Раф схватился за рукоятку шпаги, но казалось, что Алессандро больше не замечает его. Раф вызвал стражника и вышел из камеры. Он будет счастлив, когда Лоредан умрет.

На дверях собора было вывешено уведомление о суде над Лореданом и о вынесенном ему смертном приговоре. Несколько барнаботти ликовали, что их противника ждет такой справедливый конец. Но большинство венецианцев, устыдившись трусости правительства, чувствуя себя обманутыми своим представителем, который поспешно согласился на арест Алессандро, горевали по поводу его судьбы и обратили гнев на французов – прежде всего на Рафа Леопарди.

Фоска узнала эту новость от Гвидо.

– Вы уверены? – спросила она с болью в голосе. – Боже мой, я так и знала! – Фоска понимала, что никакой пользы от дальнейших обращений к Рафу не будет. Они лишь упрочат его черствость и упрямство. – Мы больше ничего не можем сделать? – в отчаянии размышляла она.

Гвидо печально покачал темноволосой головой.

– Нет, донна Фоска! Хотя я и отдал бы все, чтобы освободить его. Многие думают так же, как я. Очень многие. Позвольте заметить, что эта история отнюдь не увеличит популярность Рафа в народе. Многие считают, что Раф – предатель Венеции.

– Но он не предатель! – воскликнула она, защищая любовника. – Он любит Венецию! – «И при том собирается казнить Алессандро, а я не в силах что-нибудь сделать, чтобы остановить его!» Фоска погрузилась в тяжелые думы.

Она решила, что в Венеции есть все-таки человек, который мог бы поговорить с Рафом и убедить его, что казнь одного из наиболее уважаемых лидеров лишь повредит его, Рафа, собственному руководству.

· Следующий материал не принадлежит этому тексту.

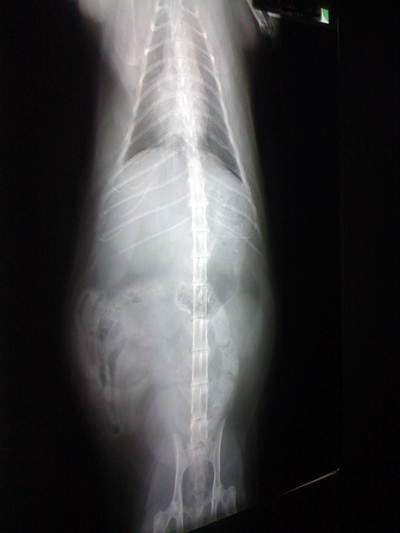 xray 12.3.10_sm.jpg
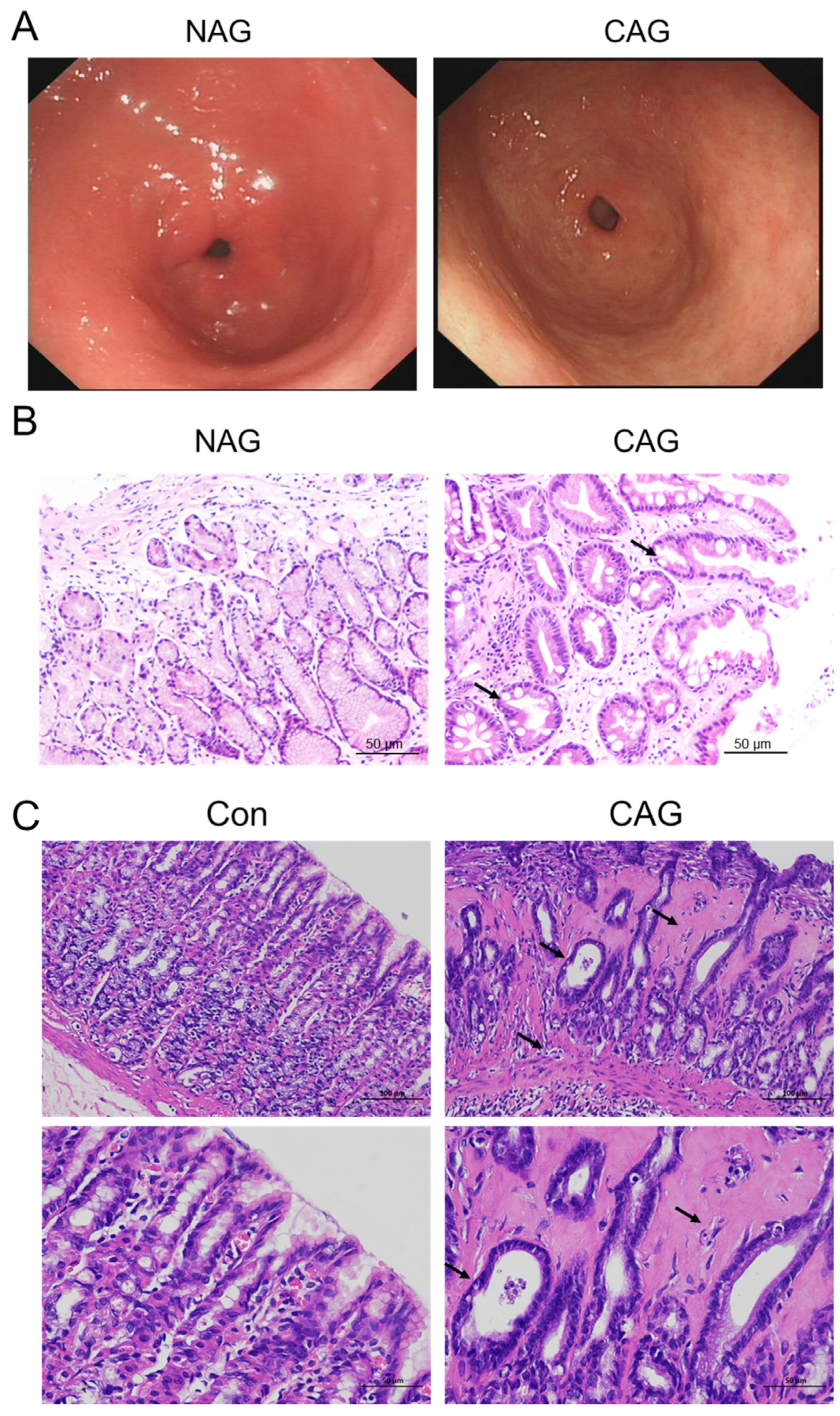 Biomedicines 11 02338 g001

– Гвидо, отвезите меня на канал Реджио.

Как и Алессандро, Фоска была удивлена искусно декорированным интерьером квартиры Лии. Однако, в отличие от Алессандро, она вспомнила, что некоторые предметы обстановки раньше находились в доме Рафа в гетто. Фоска почувствовала приступ ревности, но тут же решительно подавила его. Не было оснований сомневаться в нынешней любви Рафа к ней, а она, Фоска, нуждалась в помощи танцовщицы.

Неряшливая служанка отвела ее в гостиную, а сама пошла за хозяйкой. Лиа появилась через несколько минут. Она явно собралась уходить – на синее платье с длинными рукавами была накинута шаль.

– А, это вы! – Лиа рассматривала Фоску со смесью удивления и презрения. – Что вам надо? Я ухожу.

– Вы не слишком гостеприимны, – сказала Фоска.

– А как бы вы вели себя, если бы я пришла во дворец Лоредана? – Лиа села в кресло. – Вы, конечно, отказались бы принять меня, послав вдогонку пару теплых слов. С какой стати я должна выказывать вам уважение?

– Вы правы. Не должны. – Фоска села на край стоявшего напротив Лии высокого стула. – Алессандро в тюрьме. На следующей неделе его казнят.

– Я знаю. – Жестокое выражение лица Лии несколько смягчилось. – Это ужасно, но что я могу поделать?

– Поговорите с Рафом. Он, возможно, прислушается к вам. Он не слушает меня, потому что ревнует…

Лиа покачала головой.

– Нет, он и меня ревнует. Я по глупости сказала ему, что люблю Алессандро. Кроме того, я уже целую вечность не виделась с Рафом. Как убедить его в том, что небо голубое, если он утверждает, что оно пасмурное? Почему бы вам не попробовать еще? Он вас любит. Я знаю, он упрям, но…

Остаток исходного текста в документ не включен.